What you return must be the data below, word for word, without any images.
-------- Data extract --------
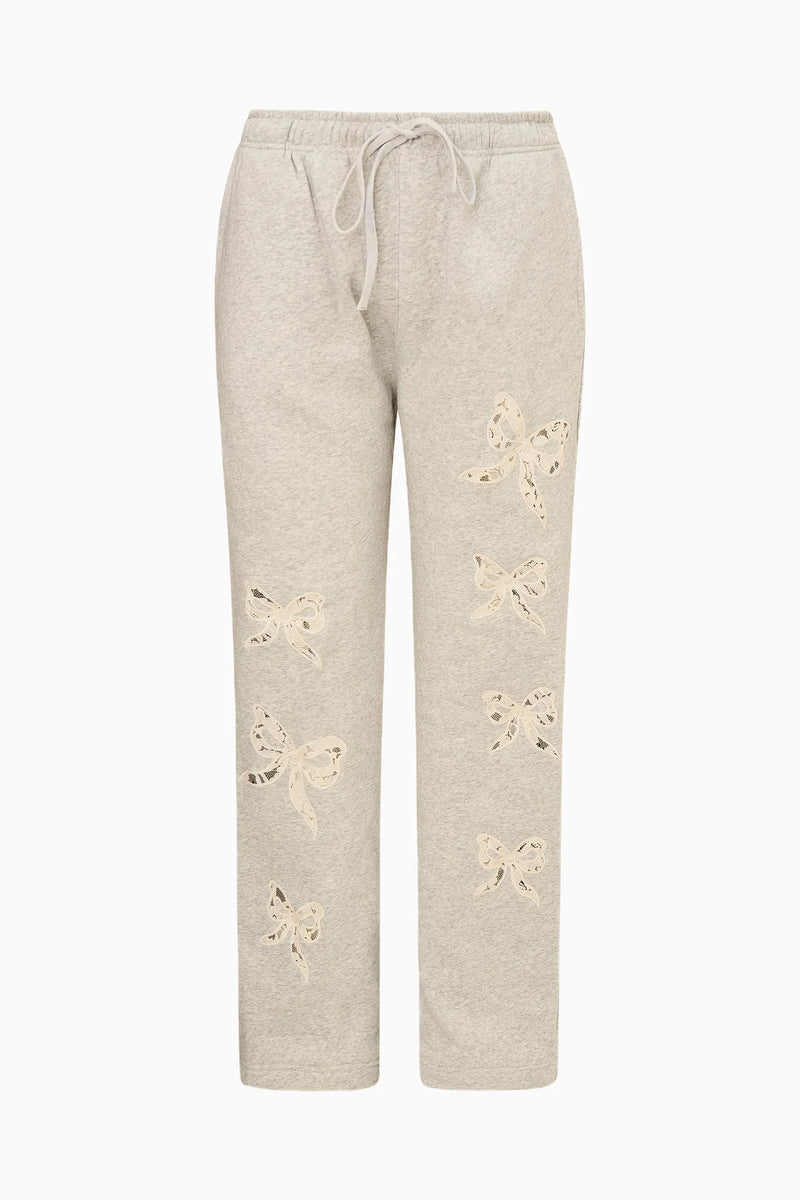 Elma Lace Bow Sweatpants ~ Heather Grey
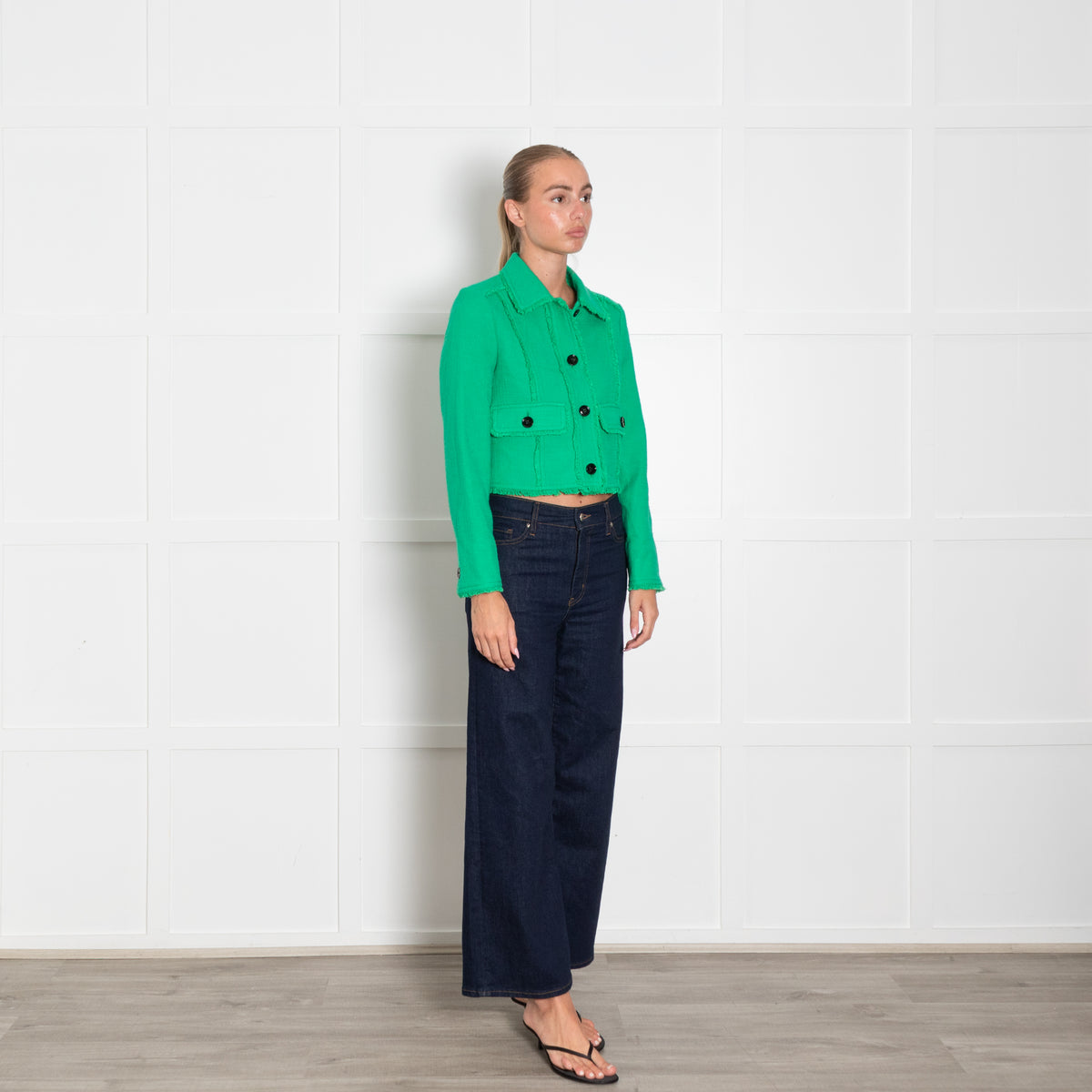 Me + Em Bright Green Fringe Detail Cropped Jacket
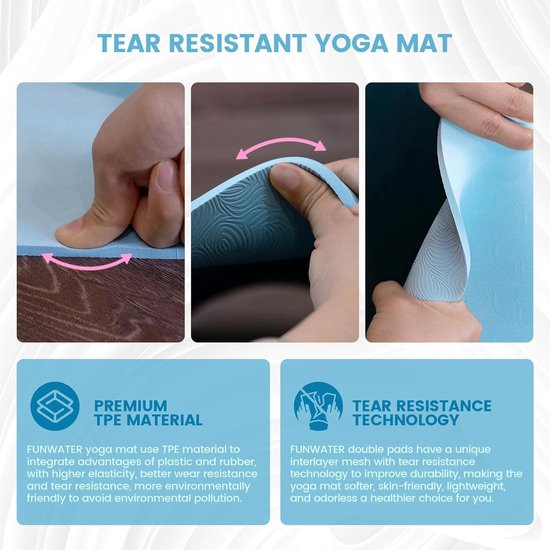 Extreme slipweerstand TPE yogamat - fitness en oefeningsmat 6 mm antislip - milieuvriendelijk - met Travel Strap Yogamat — afbeelding 4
--------
● Task response:
 Elma Lace Bow Sweatpants ~ Heather Grey
 Me + Em Bright Green Fringe Detail Cropped Jacket
 Extreme slipweerstand TPE yogamat - fitness en oefeningsmat 6 mm antislip - milieuvriendelijk - met Travel Strap Yogamat — afbeelding 4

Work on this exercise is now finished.